Army reservists were welcomed home from Afghanistan by cheering crowds in Liverpool on Saturday, before receiving their campaign medals outside the city's Town Hall.
A total of 27 soldiers from 156 (North West) Transport Regiment marched through the unit’s home city before receiving their campaign medals in a ceremony in the Exchange Flags area of the city.
The majority deployed between October 2011 and March this year as part of the Close Support Logistic Regiment, whose role is to move supplies, including food and mail, to troops based in forward operating bases.
The day began with a service of thanksgiving at Liverpool Parish Church, Our Lady and St Nicholas, which sits in the shadow of the Liver Building. The troops then marched through the city supported by the Duke of Lancaster’s Regimental Band.
The medal ceremony was staged in the historic Exchange Flags area of the city which contains a memorial to Horatio Nelson and was home to the headquarters of Central Operations during the Second World War, from where the combined Services controlled the Western Approaches and helped ensure the safe passage of convoys across the Atlantic.
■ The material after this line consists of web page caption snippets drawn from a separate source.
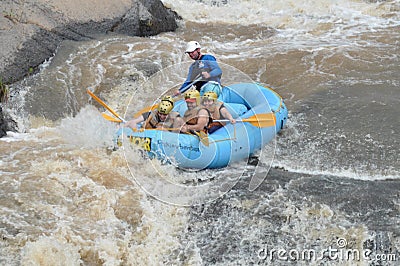 People inside a rafting boat going down Fish river in Socorro city, Brazil. Editorial Stock Photo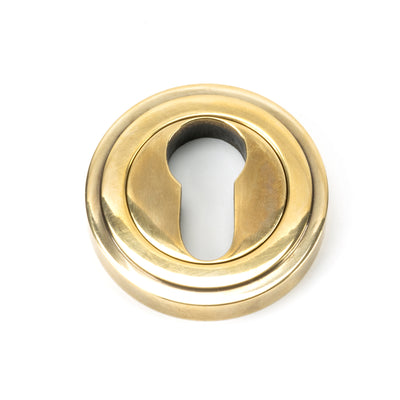 From The Anvil 45708 - Aged Brass Round Euro Escutcheon (Art Deco) #finish_aged-brass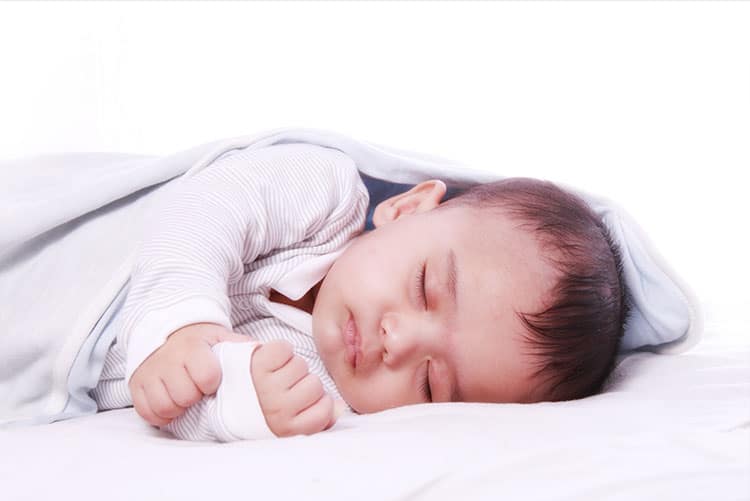 A newborn in deep sleep.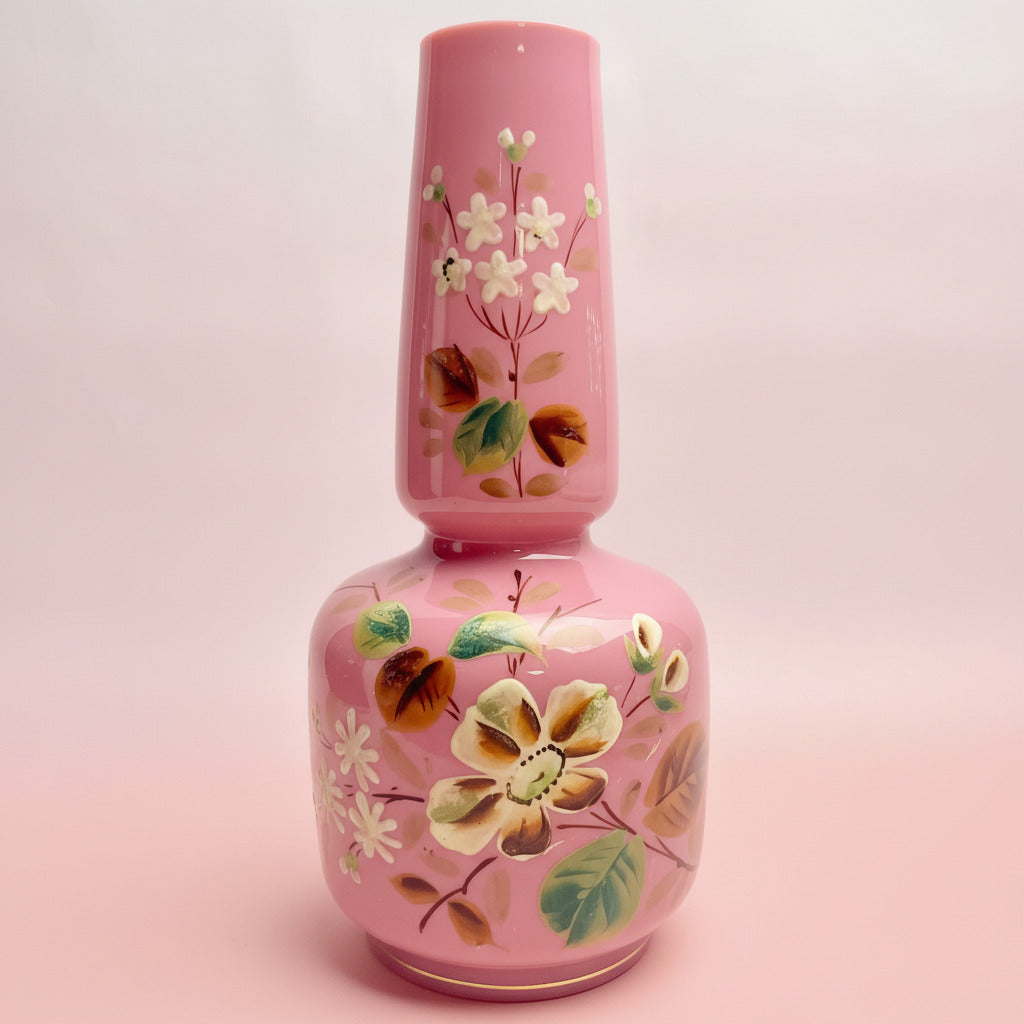 Pink floral bottle on a white background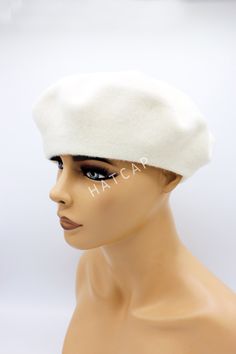 Our French felt beret with many beautiful different colors are perfect accessories for winter. Our women hats are knitting from felt , and one size fits all. It's very chic and warm Color : Cream, white All of our products are Free Express Shipping. White Winter Beret Cap, White Winter Beret, Adjustable White Felt Hat For Winter, Winter Flat Cap Beret For Gift, Flat Cap Hats As Winter Gifts, Winter Gift Beret Flat Cap, Cream Winter Hat As Gift, White Hat One Size Gift, White Wool Cap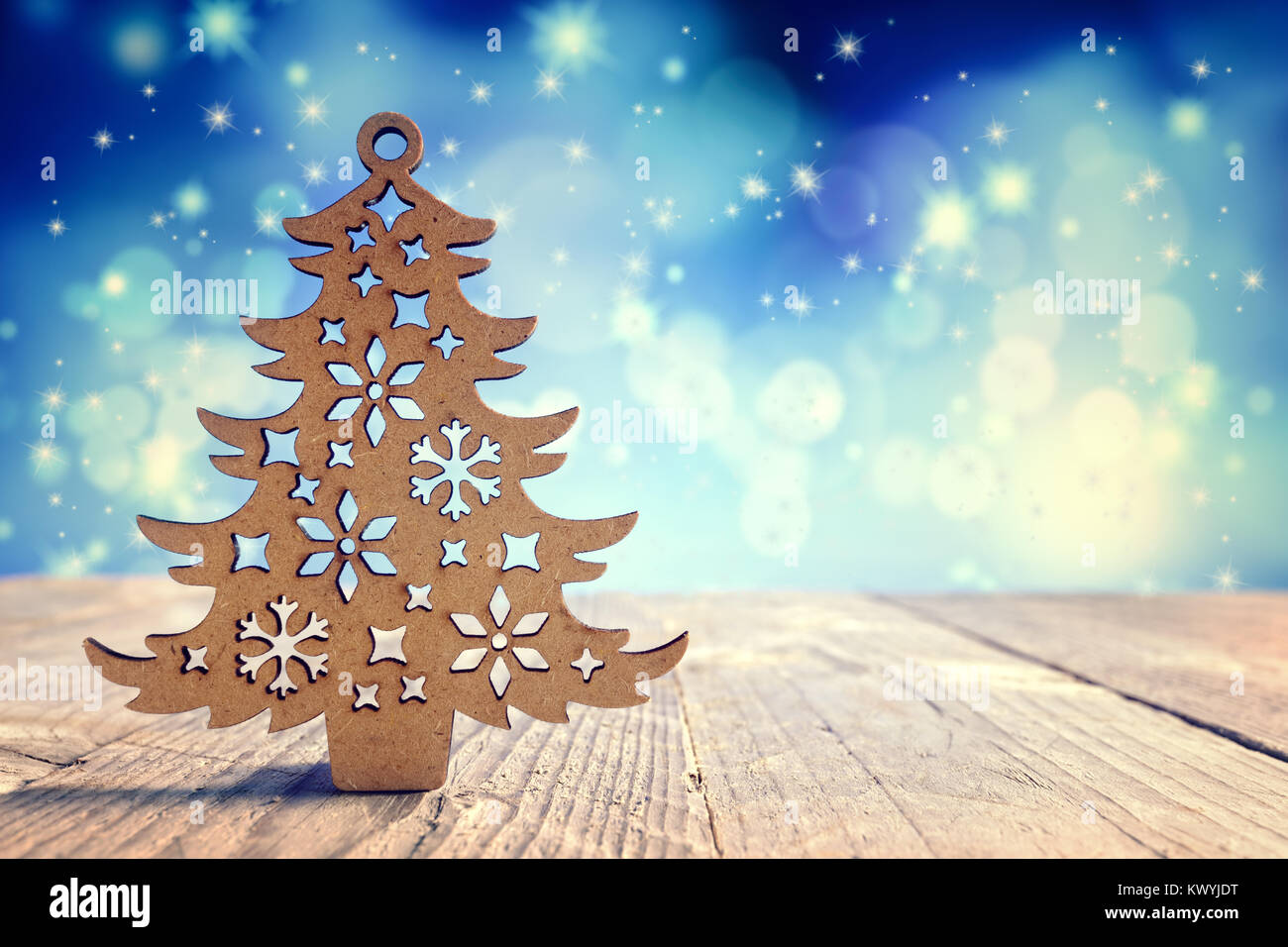 Albero di Natale decorazioni in legno sfondo Foto Stock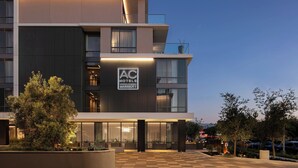 A modern hotel with a flat roof, large windows, and a well-lit entrance.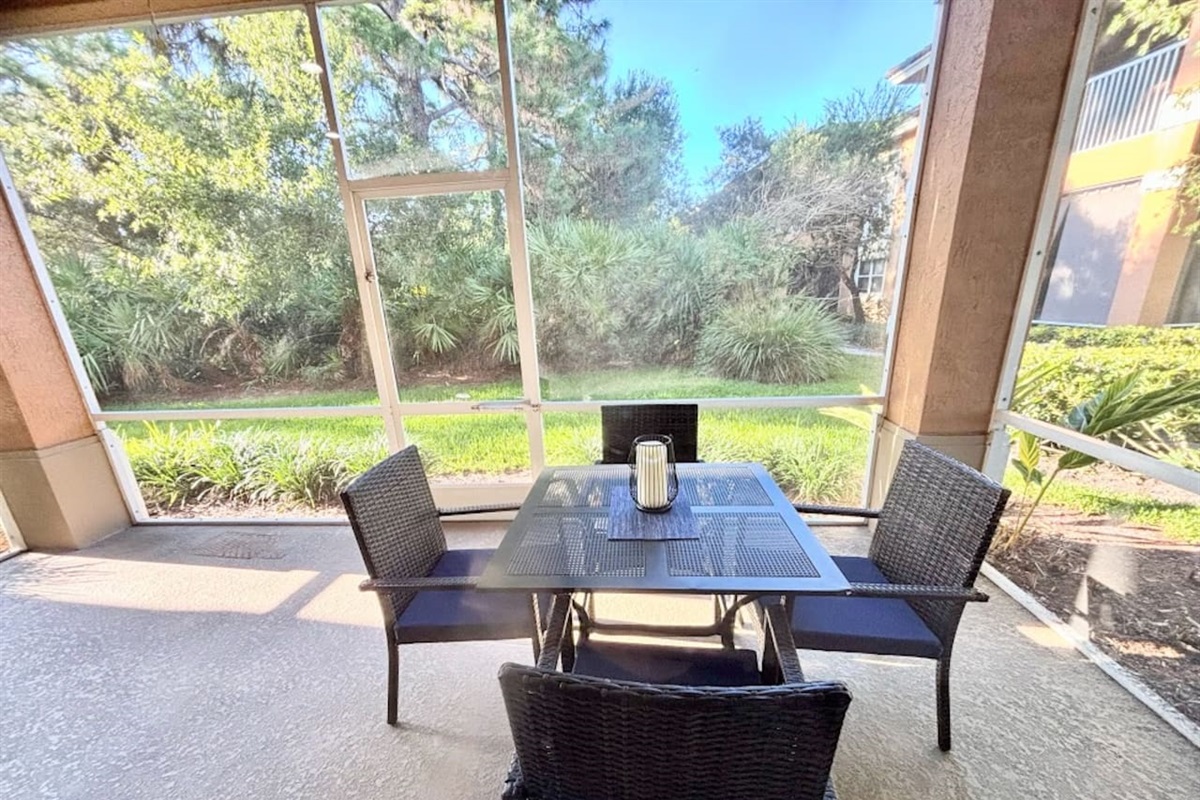 Private screened patio with outdoor dining space and peaceful garden views — perfect for enjoying morning coffee or relaxing outdoors.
The medals were presented by the Lord Mayor of Liverpool, Councillor Sharon Sullivan, the Lord-Lieutenant of Merseyside, Dame Lorna Muirhead, and the Deputy Commander Land Forces, Major General Gerald Grosvenor, the Duke of Westminster.
The parade was led by Captain Graham Dowling, the officer in command of the cohort which deployed. He said:
I was involved in a very, very busy operations room. We had combat logistic patrols out every other day, and I looked after over 60 of them during the tour. Today was a very proud day; it was a culmination of all the effort that started over two years ago with pre-deployment training.
Captain Dowling’s civilian job is with a local authority museum service. He explained:
This was the first time in 18 years that I’ve managed to get on an operational tour and I would definitely go again; I learned so much.
As a TA [Territorial Army] soldier and officer we do earn our medals because we put ourselves out for quite a time before, and then during, the tour, but our families are the great unsung heroes because they keep things running while we are away.
Francesca Freeman, a civilian support staff worker with 156 (North West) Transport Regiment, also received a campaign medal.
She volunteered to work as part of a Civil Service team in Camp Bastion which is responsible for the 5,000 civilian chefs, vehicle mechanics and construction workers who support the troops.
It was a good experience; I do enjoy working with the military because it’s a bit different to working with civilians. It has its scary moments but I received training before I went which taught us how to deal with any attacks, but for most of the time there it was OK.